Through beating the algorithms inherent across disparate technological and performative mediums to produce an organic network of controlled hacks, Somma enacts a methodical performance of trial and error that runs throughout his imagery, video installations, and choreography. It is in this newly productive space where the audience is invited to observe and participate in the process of artistic creation through a series of studies that dissolve the boundaries between the static and the dynamic, production and presentation.

As the first American to receive the Rolex Arts Initiative for Dance in 2008, he has worked under the mentorship of renowned Czech choreographer Jiri Kylian with whom he continues to collaborate on several projects. His solo show “Phosphene Variations” debuted in New York at Location 1 Gallery in SoHo and featured the first ever free-floating-interactive-holograph-film installation, which allowed spectators to manipulate images of infamous dance/art legends such as Mikhail Baryshnikov, Robert Wilson, and Carmen DeLavallade among others. 

 

Abel Macias

Abel Macias. Prosthetic Tree. Stick, wire, rubber, computer chords, latex, wood.
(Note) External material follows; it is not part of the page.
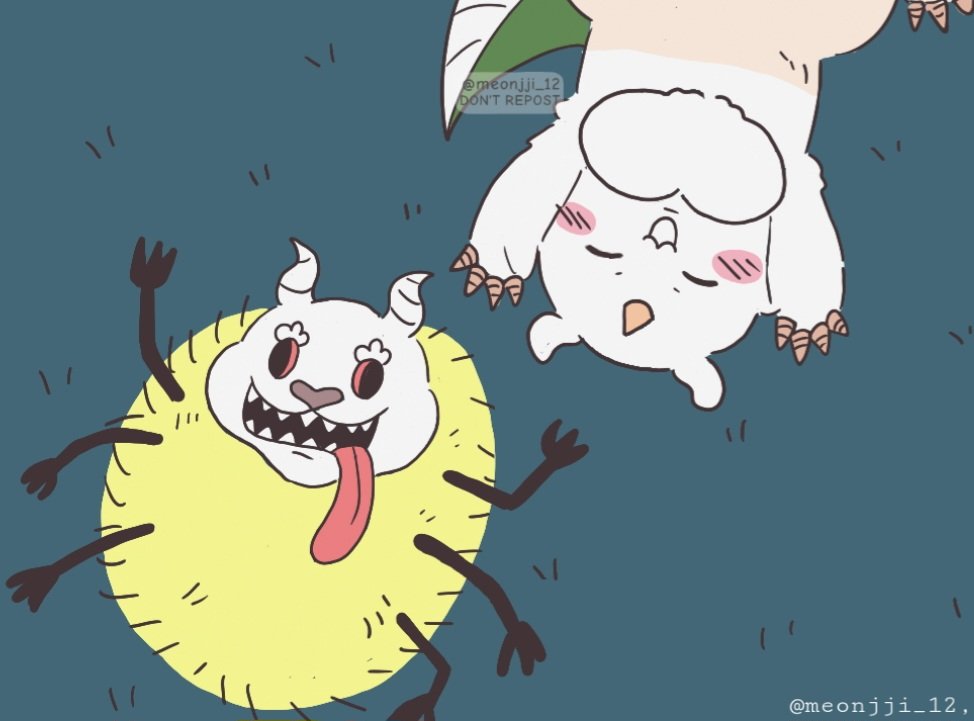 meonjji_12's tweet photo. #ちいかわファンアート https://t.co/c1ffHKlj41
Abel Macias. Prosthetic Tree. Stick, wire, rubber, computer chords, latex, wood.

Whereas Jason is a friend and thus I was not worried about engaging him in an intense session to help him to better understand his own art, while doing the same for myself, Abel Macias was a friend of a friend. One night while enjoying Dark & Stormy's, I mentioned my desire to help more artists who struggle with their statements and Abel jumped at the opportunity. A few weeks later, I was sitting in the basement of his Bushwick home as the above Prosthetic Tree loomed over our intense discussions. After two productive 1-2 hour discussions, I went off to write the statement and while we had agreed on four drafts, we were both happy with it by the third draft.

Abel Macias Artist Statement

Abel Macias’ art is a mixed media exploration of the accidental connections we both consciously and unconsciously make when processing our environs. Macias operates from the vantage point where simple modifications to natural elements result in a powerful transformation and potentiation of wholly new possibilities, or portals, into territories unknown.
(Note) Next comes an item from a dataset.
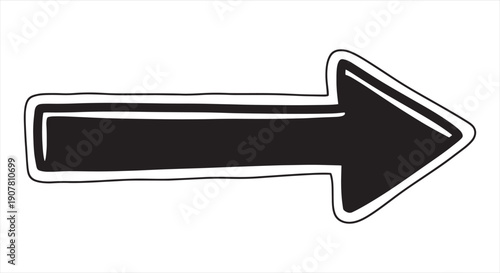 Control Arrow Icon Set – Directional Symbols for User Interface, Multimedia, and Software Navigation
Stretching the traditional definitions of painting and sculpture, Macias’ work occupies a playful and visceral middle ground that is formally undefined, and where meaning is located in the viewer. Color is an essential and vivid element for the artist as he coopts vivid hues that pulsate with a sense of familiarity to set the mood for his audience.

Intuitive and holistic in practice, Macias embraces the mundane—from unique tree branches to the most mundane rock—to make concrete and salient the infinite connectivity of the material and immaterial worlds. He accomplishes this through his emphasis on using found materials—items whose imprinted essence are not erased, but rather modified and combined to manifest synchronicity and individuality.

Abel Macias is a mixed media artist and painter currently living and working in Brooklyn, NY. He is a first generation Mexican-American, born and raised in Atlanta, GA and he spent many summers of his youth in his parents’ native Mexico. His individual experiences in the small towns of Mexico helped develop an early and long-lasting affinity for vibrant colors and handcrafted artistry. Major brands and companies have used his art for commercial campaigns worldwide. He has had multiple solo shows and been featured in myriad group shows, most recently at the National Arts Club in New York City and The Williamsburg Art and Historical Center in Brooklyn. He was also invited to be part of an artist panel discussion about Identity and Non Conformity with Mana Contemporary during this year’s Miami Art Basel and was selected as one of ten emerging artists by SURFACE Design Magazine. He studied Communication Art at Pratt Institute and then graduated with his BFA from Savannah College of Art & Design in 2002.